“The Sixty-Six Points of Darkness” || January 15-16, 1998

The following document lists brief descriptions of key issues flagged by participants at the National Campaign’s January meeting. The rough notes contained sixty-six numbered items (hence the sinister title) but some were redundant and others were really several issues in one. The entries here have attempted to smooth out some of these rough spots, so there is not an exact correspondence to the original list of sixty-six.
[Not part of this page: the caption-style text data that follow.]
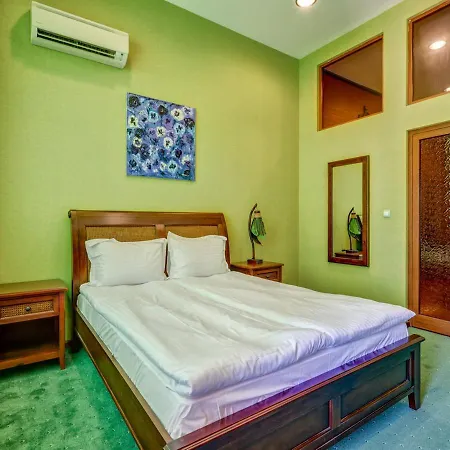 Continental شقة فندقية 4*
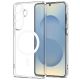 2. Tech-Protect FlexAir MagSafe Hülle für Samsung Galaxy S26 - Transparent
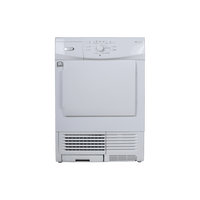 Seche-Linge Evacuation 8 kg Reconditionné WHIRLPOOL AWZ 3789 : vue de face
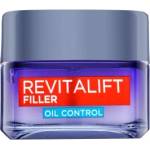 L'Oréal Revitalift Filler запълващ гел крем Oil Control Day Gel-Cream 50 ml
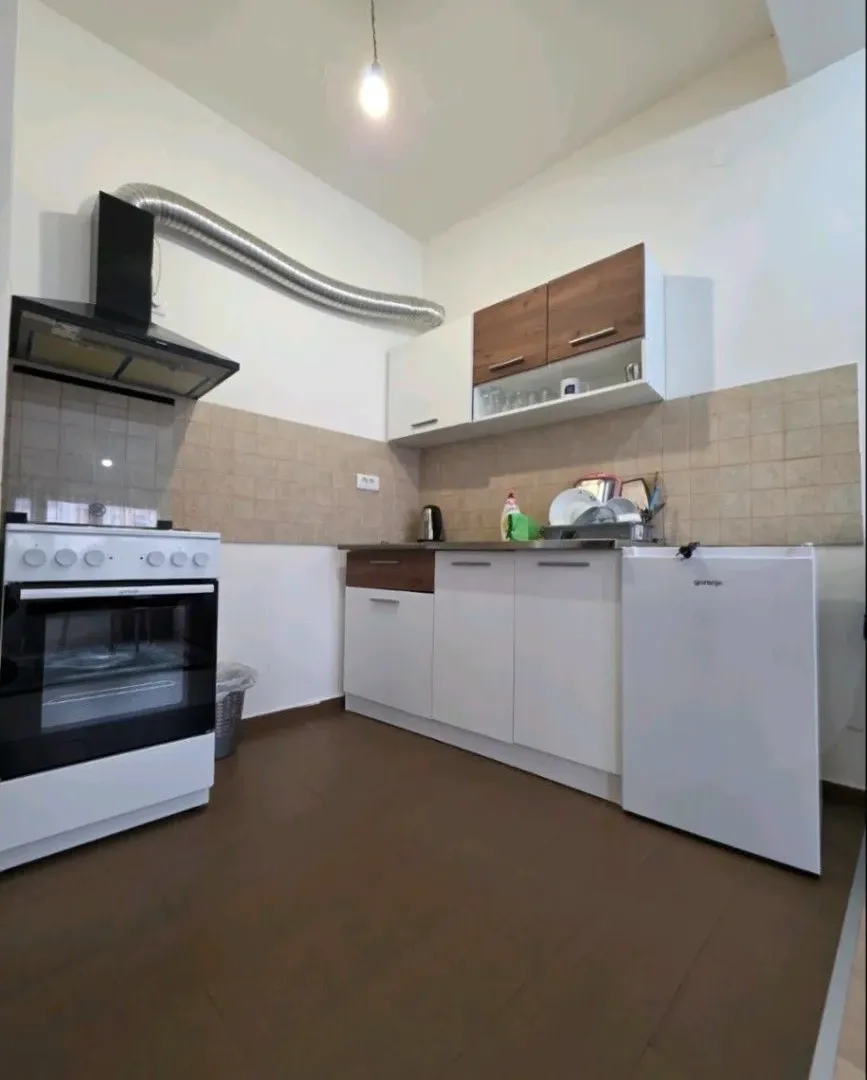 Rent, one bedroom apartment, 42m², Zabjelo, Podgorica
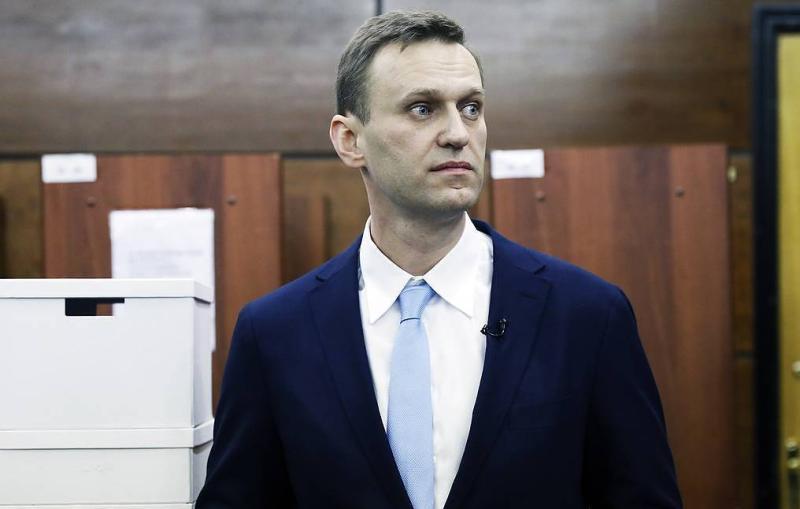 Navalny reveals new terrorism case opened against him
The issues have been grouped under the major section headings of the rule itself. In most cases the assignment to a section was obvious, but a number of the entries do have relevance to more than one section, and we have tried to note this in the description of the item. In addition, many entries are annotated with reference to conflict with NOSB recommendations (“N”=Conflict with NOSB or NOSB language should be substituted) or the OFPA statute (“L” = Conflict with OFPA).


Please note that this is not a comprehensive digest of problems with the Rule. This list only documents the issues raised at the January meeting by the meetings participants under severe time limits. Other issues have been identified since then and the understanding of others has changed. Furthermore, the representation of each issue here is very brief and may not do justice to the salient point raised at the meeting.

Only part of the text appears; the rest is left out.